The Fromms' two daughters have inherited their parents' dedication to the arts. Mrs. Borchert serves on the board of The Rep Set, a "young friends" group that aims to get more twentysomethings out to see Repertory Theatre shows; Mrs. Gilbertson teaches ballet and modern dance at COCA. Both women bustled through the house, helping their mother put the finishing touches on the party before guests arrived for cocktails in the courtyard at 6 p.m.

"This is like the part of getting dressed where you have your whole outfit already together," Mrs. Fromm said, smiling, as she lit the candles. "And you're putting on the perfume."
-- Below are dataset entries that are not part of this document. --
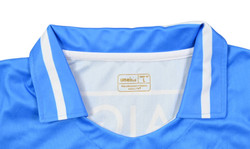 DUBLIN GAA SHIRT L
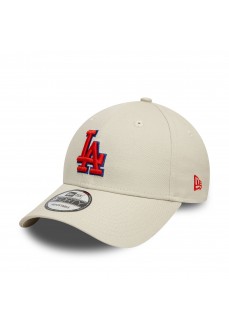 Casquette New Era Los Angeles Dodgers 60595218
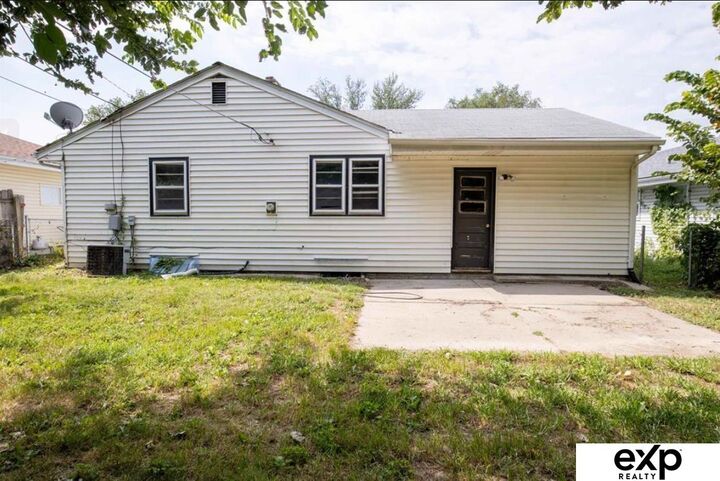 Property Photo:  4401 N 53rd Street  NE 68104 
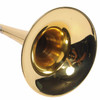 Yamaha YSL-354 Trombone USED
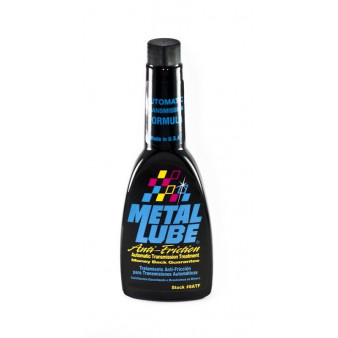 METAL LUBE FÓRMULA TRANSMISIONES AUTOMÁTICAS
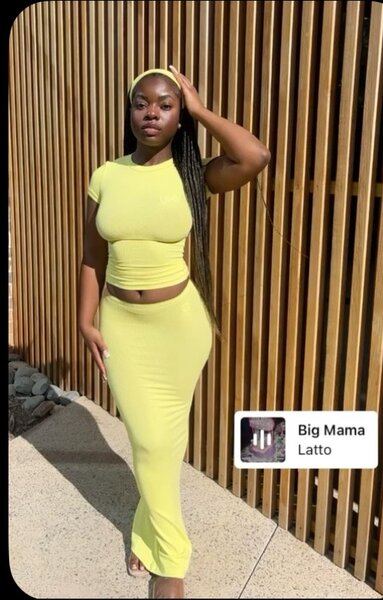 Robe moulante style chic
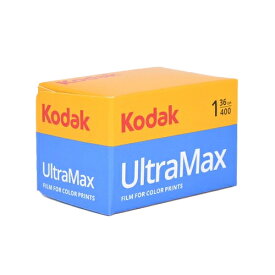 コダック UltraMax 400-36EX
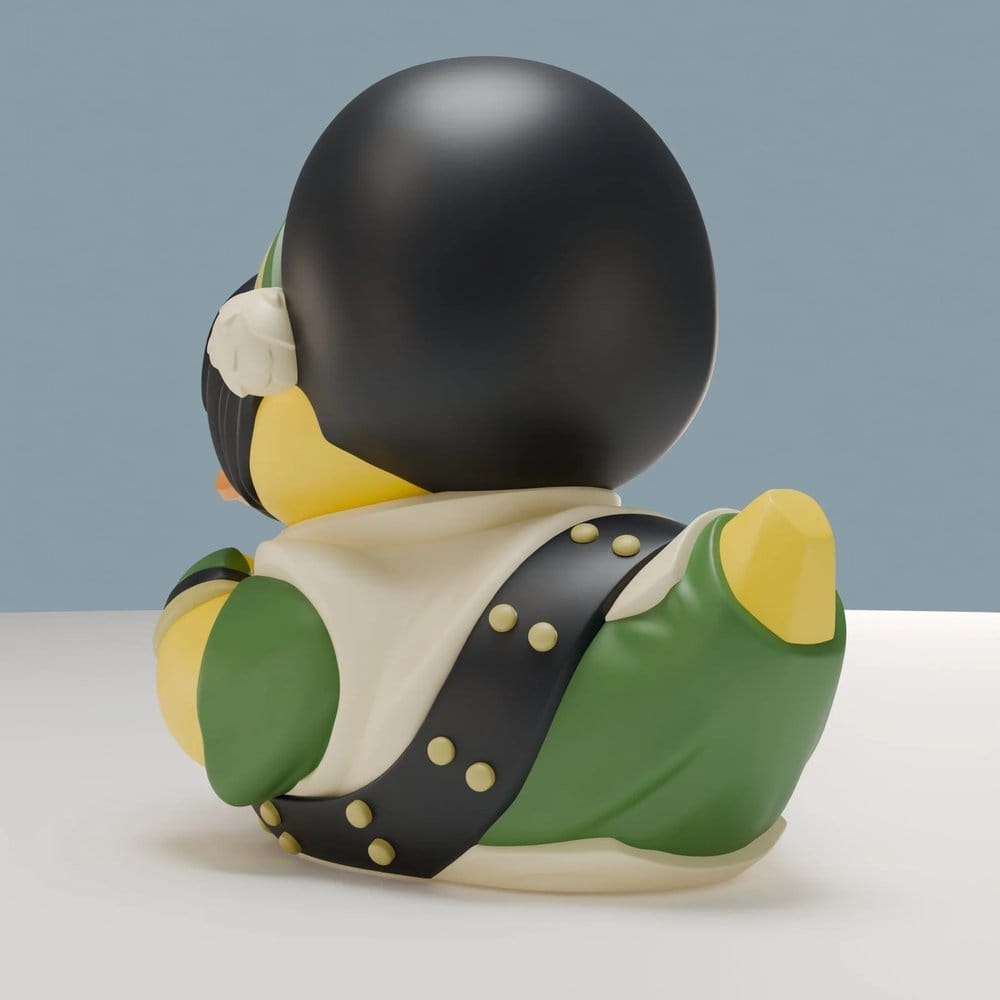 Avatar Der Herr der Elemente Tubbz PVC Figur Toph Beifong Boxed Edition 10 cm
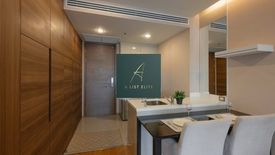 1 Bedroom Condo for sale in The Address Sathorn, Silom, Bangkok near BTS Chong Nonsi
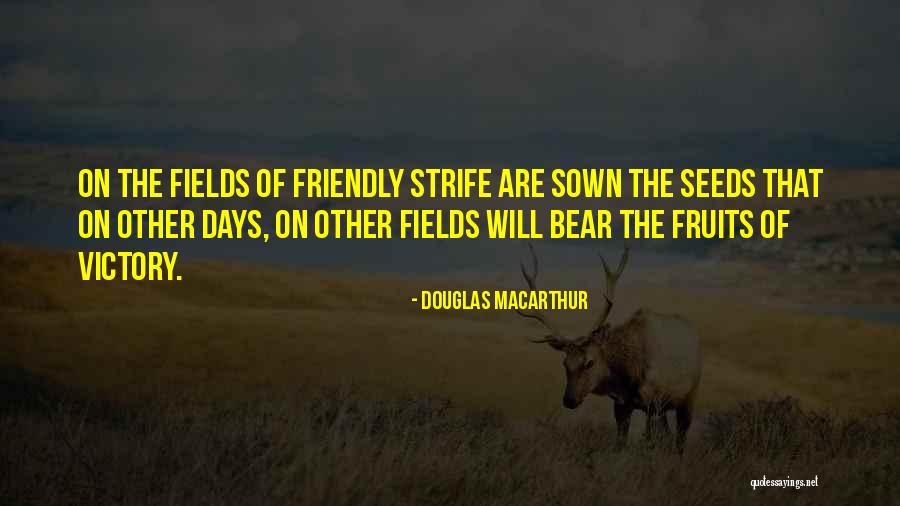 Douglas MacArthur Quotes 1546521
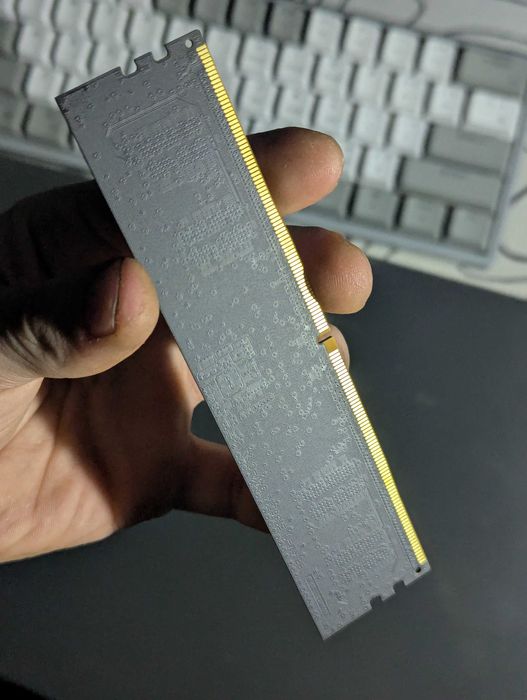 DDR5 8GB/4800 Patriot 2шт.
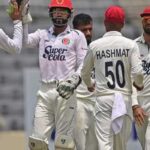 ZIM vs AFG Dream11 Prediction 1st Test, Afghanistan tour of Zimbabwe 2024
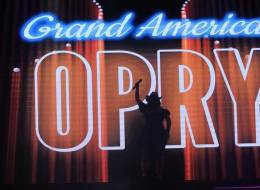 Grand American Opry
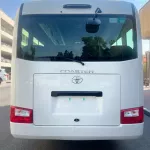 Toyota Coaster 2025 Model Year 4.0L Diesel 23 seater Manual Transmission - Thumbnail 3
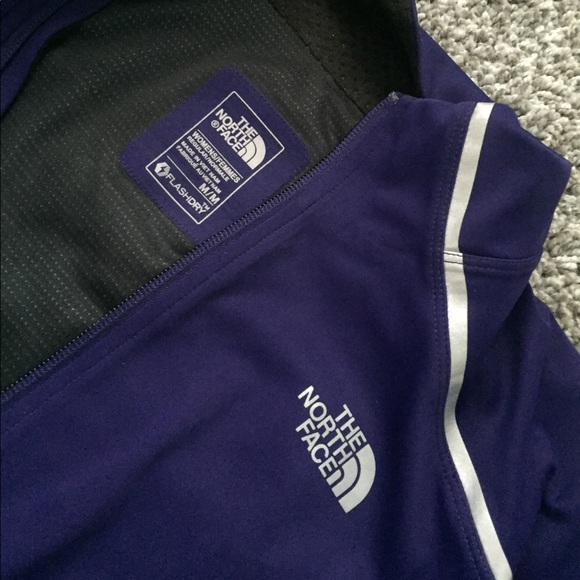 North Face Jacket - Picture 2 of 3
Chef Maggi and Mr. Browne had been hard at work in the kitchen for a few hours already, and that didn't even include prior reconnaissance missions to scope out a work space in the Fromms' kitchen. Not only did they need an efficient place to prepare five courses for 36 people, they also wanted the plating area to be attractive — guests would be routed through the kitchen to get a peek at the chef as he worked.

As dusk fell, guests gathered under trees in the lush courtyard and around the lit swimming pool, sipping cocktails and listening to live jazz.

"There's quite the story behind that frog," noted guest Peter Mangione, pointing out a striking garden sculpture as he headed into the courtyard with his wife, Nancy. "It's jade. It's very heavy. He came all the way from the factory in Beijing with Ron and Cheri the day they bought it — you can see he's got I Ching coins carved all over him."

"He's a very lucky toad," Mrs. Mangione, amused, agreed.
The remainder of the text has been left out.